You should be aware that you must send in an EPS to tell HMRC that the allowance is being claimed each year. If you simply do things as usual, but reduce the amount that you pay to HMRC by the allowance, this will flag as an underpayment on their systems and it is likely you will be contacted by HMRC. Please also note you only need to tick the relevant box once to make HMRC aware you are claiming the Employment Allowance – this will then apply it on an ongoing basis throughout the year. You should not untick the box when the Employment Allowance has been fully used.

If you file your HMRC returns on paper: tick the box which asks whether the Employment Allowance is to be claimed on page 2 of the form RT5. You need to remember to subtract the value of the allowance from your employer's NIC liability before you make an actual payment to HMRC.

For more information on claiming the Employment Allowance see booklet RT7 – Guidance for employers exempt from filing Real Time Information online.

Can I claim the £4,000 allowance after the tax year has started?

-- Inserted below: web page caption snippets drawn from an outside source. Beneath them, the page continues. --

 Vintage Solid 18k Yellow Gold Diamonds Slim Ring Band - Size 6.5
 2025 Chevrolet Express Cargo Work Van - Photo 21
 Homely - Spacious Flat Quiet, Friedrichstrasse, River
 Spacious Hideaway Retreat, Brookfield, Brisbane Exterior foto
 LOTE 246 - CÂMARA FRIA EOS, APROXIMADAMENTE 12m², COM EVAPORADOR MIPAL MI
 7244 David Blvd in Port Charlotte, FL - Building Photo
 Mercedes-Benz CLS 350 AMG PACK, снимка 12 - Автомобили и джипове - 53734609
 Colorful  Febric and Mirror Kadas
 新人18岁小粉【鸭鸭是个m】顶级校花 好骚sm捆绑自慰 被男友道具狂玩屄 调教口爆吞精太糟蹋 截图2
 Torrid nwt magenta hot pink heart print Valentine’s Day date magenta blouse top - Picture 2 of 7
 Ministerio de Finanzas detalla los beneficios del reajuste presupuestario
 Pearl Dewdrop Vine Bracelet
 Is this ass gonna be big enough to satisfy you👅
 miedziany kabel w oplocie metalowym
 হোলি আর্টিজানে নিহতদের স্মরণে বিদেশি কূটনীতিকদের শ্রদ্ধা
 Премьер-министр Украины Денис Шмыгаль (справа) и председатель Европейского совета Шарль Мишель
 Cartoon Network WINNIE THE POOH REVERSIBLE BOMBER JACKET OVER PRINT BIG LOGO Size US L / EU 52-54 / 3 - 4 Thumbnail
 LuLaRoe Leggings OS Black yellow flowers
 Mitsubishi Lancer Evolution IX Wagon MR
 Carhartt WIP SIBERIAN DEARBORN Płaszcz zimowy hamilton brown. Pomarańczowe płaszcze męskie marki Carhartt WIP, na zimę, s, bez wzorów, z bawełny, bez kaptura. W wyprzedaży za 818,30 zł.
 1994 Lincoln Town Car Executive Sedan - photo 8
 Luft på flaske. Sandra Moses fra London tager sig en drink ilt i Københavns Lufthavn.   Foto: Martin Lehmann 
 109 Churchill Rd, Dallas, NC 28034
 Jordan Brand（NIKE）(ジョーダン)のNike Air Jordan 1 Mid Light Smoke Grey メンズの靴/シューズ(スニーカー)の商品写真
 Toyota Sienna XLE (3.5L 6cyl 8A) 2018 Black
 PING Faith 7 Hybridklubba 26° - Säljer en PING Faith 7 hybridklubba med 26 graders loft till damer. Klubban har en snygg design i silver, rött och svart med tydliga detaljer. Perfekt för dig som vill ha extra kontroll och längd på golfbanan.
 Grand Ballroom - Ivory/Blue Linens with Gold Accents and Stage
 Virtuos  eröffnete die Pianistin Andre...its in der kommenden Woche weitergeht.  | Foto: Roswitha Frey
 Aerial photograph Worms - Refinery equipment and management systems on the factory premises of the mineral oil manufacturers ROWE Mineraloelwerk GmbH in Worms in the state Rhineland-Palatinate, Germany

Yes. If claiming it late means that you will not have used the maximum amount of Employment Allowance allowable, HMRC will offset the balance against another PAYE liability or refund you, so the allowance is not lost.

Example:

From April 2021, you pay your employee £275 per week, however you only realise in week 10 that you can claim the Employment Allowance, rather than doing so from week 1. The Employment Allowance will therefore be applied from week 10 – it cannot be backdated to week 1. This means that although you will not pay any Employer’s NIC from week 10 onwards, you will have paid NIC of £14.49 in each of weeks 1 to 9 that strictly you did not need to. At the end of the tax year HMRC will therefore give you a credit for £130.41 (£14.49 x 9) to use against other PAYE liabilities (or will refund you the amount if you have nothing to use it against).

Where can I find more information on the Employment Allowance?

Guidance on the Employment Allowance can be found on GOV.UK.

What else does the PAYE system collect?

As well as collecting income tax and National Insurance, the PAYE system is used to collect things like student loan repayments, attachment of earnings orders and the Apprenticeship Levy.

The Apprenticeship Levy, which is payable by certain employers from 6 April 2017, is charged at a rate of 0.5% of an employer’s annual pay bill.

A £15,000 annual allowance given to employers means that the levy is only paid by employers whose annual pay bills exceed £3m – so it will not be relevant to small or micro employers.